Es ist eine Zäsur, keine Frage. Ich habe stets eine Politik der Offenen Tür verfolgt. Was Vertrauen angeht: das ist auch bei mir erschüttert. Damit werde ich leben müssen, das ist eine für mich zutiefst verändernde Erfahrung. Dafür ist man auch Führungskraft, dass man das aushält und immer weitermacht.

Aber wo ist der Punkt, wo Sie sagen werden, das reicht jetzt. Sucht Euch eine andere Intendantin, einen anderen Intendanten?
Da bin ich nicht. Wir produzieren hier im RBB, hier machen die Mitarbeitenden so viel gutes Programm und das in einer Situation, wo wir aus Corona kommen und immer noch in Krieg und Krise sind, da wird weder resigniert noch aufgegeben.

Wenn ich RBB-Mitarbeiter wäre und mein jetziges Gehalt anschaue, käme ich schnell auf den Gedanken, dass es nach oben gehen müsste.
Dazu kann ich gar nichts sagen, das ist Sache der Tarifparteien. Wir werden was tun, tun müssen. Was es sein wird, werde ich Ihnen nicht sagen.

„Wir sind ein wohlfeiles Opfer dafür“.

Nochmals zu den Vorwürfen: Es wirkt so, als kämen sie aus heiterem Himmel. Wie erklären Sie sich diesen heftigen Wetterumschwung?
Ich habe noch keine richtige Erklärung dafür, aber natürlich sind wir ein wohlfeiles Objekt. Ich sehe zugleich Kräfte am Werk, die uns schaden wollen.

Aber Sie wollen es nicht auf die einfache Gleichung bringen: „Business Insider“, „Bild“. „B.Z“, also Springer gegen RBB, ARD und öffentlich-rechtliches System?
Nein, aber es hat mittlerweile Kampagnencharakter. Das werden wir durchstehen müssen.

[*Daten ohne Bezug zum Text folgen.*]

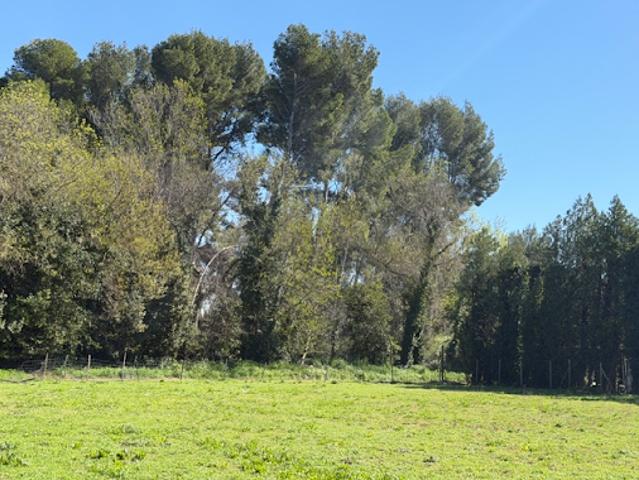 Terrain vente à Arles, Maussane-les-alpilles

Nun sind Sie nicht nur RBB-Intendantin, sondern arbeiten auch als ARD-Vorsitzende. Setzt die aktuelle Causa auch dieses Amt unter Druck?
Im Moment haben wir mit der Aufklärung viel zu tun, müssen uns aber ARD-weit auch um die anstehende KEF-Anmeldungen zur künftigen Finanzierung der Sender kümmern. Ich habe bei der vergangenen Sitzung der Intendantinnen und Intendanten in Weimar erlebt, wie wir in der ARD zusammenrücken.

Es mangelt nicht an Solidarität aus der ARD?
Ganz und ganz nicht, das Gegenteil ist der Fall.